UP-53 Cost-effectiveness analysis of post-orchiectomy management for clinical stage I non-seminoma germ cell testicular cancer
Thursday June 27, 2019 from
TBD
Presenter

David-Dan Nguyen, Canada

Medical Student

Faculty of Medicine

McGill University

Abstract

Cost-effectiveness analysis of post-orchiectomy management for clinical stage I non-seminoma germ cell testicular cancer

David-Dan Nguyen1,2,3, Madhur Nayan3, Jinyi Zhu4, Jane Kim4, Christopher J. Sweeney5, Steven L. Chang2,3.

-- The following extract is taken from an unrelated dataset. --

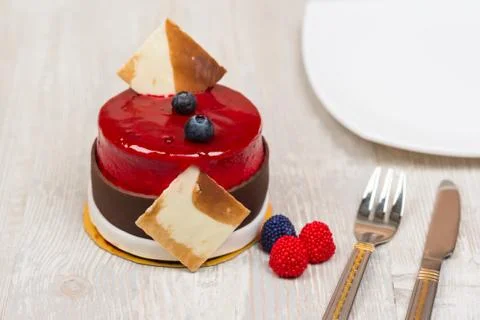 The cake with berries and plate on the table Foto stock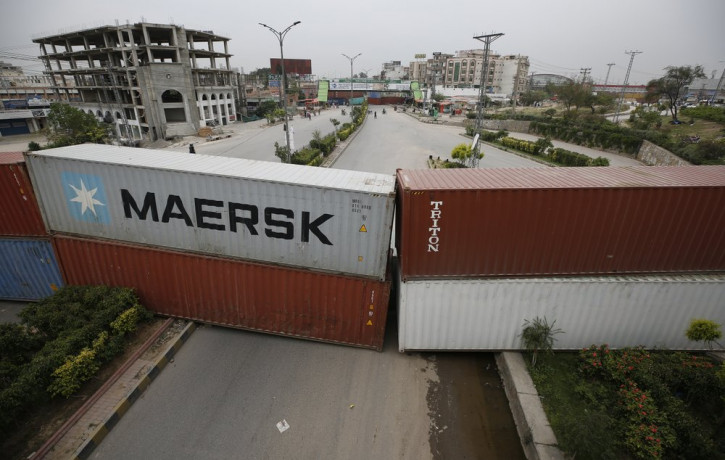 Authorities place shipping containers to block a road leading to the capital as a security measure on the possible anti-France protest march by a banned radical Islamists Tehreek-e-Labaik Pak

1Faculty of Medicine, McGill University, Montreal, QC, Canada; 2Center for Surgery and Public Health, Brigham and Women's Hospital, Boston, MA, United States; 3Division of Urology, Brigham and Women's Hospital, Boston, MA, United States; 4Center for Health Decision Science, Harvard T. H. Chan School of Public Health, Boston, MA, United States; 5Lank Center for Genitourinary Oncology, Dana-Farber Cancer Institute, Boston, MA, United States

Introduction: The optimal management following initial orchiectomy of testicular cancer patients with a clinical stage (CS) I non-seminomatous germ cell tumor (NSGCT) is controversial. There is a survival equipoise between retroperitoneal lymph node dissection (RPLND), primary chemotherapy, and surveillance following initial orchiectomy. Considering that differences in survival outcomes are marginal, we performed a cost-effectiveness analysis to elucidate the tradeoffs and expected values for each management option.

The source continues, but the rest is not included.